このほかにも、加熱された金属線から放たれた熱量を計測することで、金属線の周囲の流体の速度を算出する方法や、実際に粒子を流して流体の動きを可視化し、カメラで撮影する方法などがあります。
流体計測器・計測法
ここでは、さまざまな流体計測器や計測法の中からいくつか抜粋し、計測の原理について解説します。
PIV
PIVは粒子画像流速測定法(Particle Image Velocimetry)の略称で、流体に混入させたトレーサ粒子にレーザー光を照射し、流体の速度と方向を同時に解析する計測法です。近年では風洞試験に利用されるなど、カメラや画像処理技術の発展に伴って精度が上がりメジャーな計測法となりました。
基本的な原理としては、まず最初に流体内にトレーサ粒子と呼ばれる小さな粒子を混入させます。その後、流速を計測したい場所にレーザー光をシート状に照射し、短時間で2枚の粒子群画像をカメラで取得します。その後、画像を解析して個々の粒子を識別し、粒子の移動速度や方向を算出します。

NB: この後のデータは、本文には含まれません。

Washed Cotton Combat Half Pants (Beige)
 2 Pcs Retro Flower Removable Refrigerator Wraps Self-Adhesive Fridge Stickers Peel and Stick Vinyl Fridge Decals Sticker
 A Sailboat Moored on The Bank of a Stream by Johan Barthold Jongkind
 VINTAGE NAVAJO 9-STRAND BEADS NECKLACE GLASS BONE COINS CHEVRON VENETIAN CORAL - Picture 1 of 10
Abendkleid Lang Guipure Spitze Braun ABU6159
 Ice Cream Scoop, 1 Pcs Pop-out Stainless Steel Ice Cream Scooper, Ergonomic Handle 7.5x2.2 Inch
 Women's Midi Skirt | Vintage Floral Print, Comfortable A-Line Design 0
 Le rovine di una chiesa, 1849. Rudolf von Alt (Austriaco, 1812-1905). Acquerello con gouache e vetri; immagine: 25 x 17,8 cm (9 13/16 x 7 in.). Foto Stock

画像の解析方法には直接相関法やFFT法などがあり、使用する機材やソフトによっては2次元情報だけでなく3次元情報を取得することも可能です。画像解析を行うソフトウェアは用途に応じて各メーカーが独自に開発したものが販売されているため、測定対象の流体の種類や予算に応じて選択できます。
PIVはほかの計測方法と違って、非接触で広範囲を同時に計測できるというメリットがあり、河川の流速計測や雪をトレーサ粒子とした防雪柵の機能評価などに使用されています。
超音波流量計
流体の流量を計測する機器を流量計と言いますが、さまざまな測定方法があるため種類が豊富です。測定対象となる流体の種類や設置場所に応じて、適切な流量計を選ぶ必要があります。流量計にはコリオリ式や電磁式、熱式や差圧式などの測定原理を利用したものがありますが、その中に超音波式というものがあります。
超音波式流量計では、流体が流れる配管の外側から超音波を当て、超音波が伝達するまでの時間や周波数の変化から流速を計算し、管の断面積と流速から流量を算出します。超音波式流量計には、伝達するまでの時間から算出する「伝播時間差式」や、反射波の周波数の変化から算出する「ドップラー式」がありますが、伝播時間差式の方が製品化されていることが多いです。
伝播時間差式流量計では、流体の流れに乗ると早く到達し、逆になった場合は抵抗を受けて到達までに時間がかかるという超音波の特性を利用しています。配管の上流と下流に超音波センサーを置き、それぞれの音波の到達時間の差から流速を計算し、流量を算出します。
超音波式流量計はクランプオン型と言われ、配管の外側に取り付けて流量測定ができるため、流体に非接触で計測でき、メンテナンスも容易というメリットがあります。また、構造がシンプルなので小型なのも特徴の一つであり、近年では複式が主流であるガスメーターに超音波式流速計を採用することで小型化に成功した例もあります。
まとめ
今回は流体計測とは何か、実際に使用されている計測器や計測法を交えて解説しました。
流体計測と一口に言っても、計測対象となる流体が液体なのか気体なのか、河川のような広い空間に広がる流体なのか、それともガスやオイルのような細い管を通る流体なのかで測定方法や計測機器が大きく変わります。
センサーの小型化や画像解析技術の向上に伴って新たな計測方法が確立するなど、今後さらに発展していく分野であると予想されます。